At a given civil service rank, one would presumably have the services of a driver at one’s disposal. Just like the Armed Forces have rank equivalents so you know who salutes first, I wouldn’t mind betting that Ms Barrageballoon saw herself as a fairly high-falutin’ member of the apparat. If a departmental Director gets a car, then so does she.
Sandman. HMRC have anti avoidance measures to prevent exactly this happening.
“At a given civil service rank, one would presumably have the services of a driver at one’s disposal. ”
I suspect the chauffeur is more of an Iranian heritage thing. All businessmen and other bigwigs have a driver/gopher in Tehran, possibly because of the traffic, probably because of the capriciousness of the courts in case of third party liability, and almost certainly to take the flak when pulled over by the basiji (religious police)
BiCR,
“At a given civil service rank, one would presumably have the services of a driver at one’s disposal.”

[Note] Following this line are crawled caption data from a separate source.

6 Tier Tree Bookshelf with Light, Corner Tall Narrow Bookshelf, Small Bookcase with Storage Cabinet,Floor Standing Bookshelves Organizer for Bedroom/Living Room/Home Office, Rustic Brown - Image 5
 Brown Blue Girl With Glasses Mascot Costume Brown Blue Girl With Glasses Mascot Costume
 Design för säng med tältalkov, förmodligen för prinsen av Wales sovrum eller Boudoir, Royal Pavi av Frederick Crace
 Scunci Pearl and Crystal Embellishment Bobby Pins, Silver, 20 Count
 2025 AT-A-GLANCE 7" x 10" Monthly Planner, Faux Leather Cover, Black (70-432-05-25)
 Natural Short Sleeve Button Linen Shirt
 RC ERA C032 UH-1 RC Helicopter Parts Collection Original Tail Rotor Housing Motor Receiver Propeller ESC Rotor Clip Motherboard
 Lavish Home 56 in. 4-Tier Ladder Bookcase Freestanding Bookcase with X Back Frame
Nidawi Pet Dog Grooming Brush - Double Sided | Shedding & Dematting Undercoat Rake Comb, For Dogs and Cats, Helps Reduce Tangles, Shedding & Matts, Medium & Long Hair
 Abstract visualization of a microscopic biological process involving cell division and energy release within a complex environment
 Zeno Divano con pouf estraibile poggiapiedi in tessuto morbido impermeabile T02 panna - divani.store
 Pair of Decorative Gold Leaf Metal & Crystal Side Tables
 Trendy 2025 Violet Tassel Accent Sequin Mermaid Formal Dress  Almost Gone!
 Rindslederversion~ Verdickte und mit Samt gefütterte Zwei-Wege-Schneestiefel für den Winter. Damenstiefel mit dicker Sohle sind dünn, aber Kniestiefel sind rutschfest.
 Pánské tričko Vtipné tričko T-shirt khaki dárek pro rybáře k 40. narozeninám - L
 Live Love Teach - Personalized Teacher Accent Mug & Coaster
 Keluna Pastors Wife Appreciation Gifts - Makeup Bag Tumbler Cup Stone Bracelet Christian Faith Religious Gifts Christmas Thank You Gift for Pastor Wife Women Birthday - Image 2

*Very* high rank in my experience (trading fund of nearly 4,000 CS, annual budget north of £300 million, don’t think even our top manager has a driver assigned…)
One of the few things Cameron actually did to save money was to cut the Government Car Service.
In the lower reaches of the MoD, it is still pretty common, though. Most Commanding Officers (and commanders of Groups, Brigades and Divisions) will have access to a staff car and a driver (or a duty driver.) In the Army, the CO’s staff car driver is likely to also be his wartime command vehicle driver.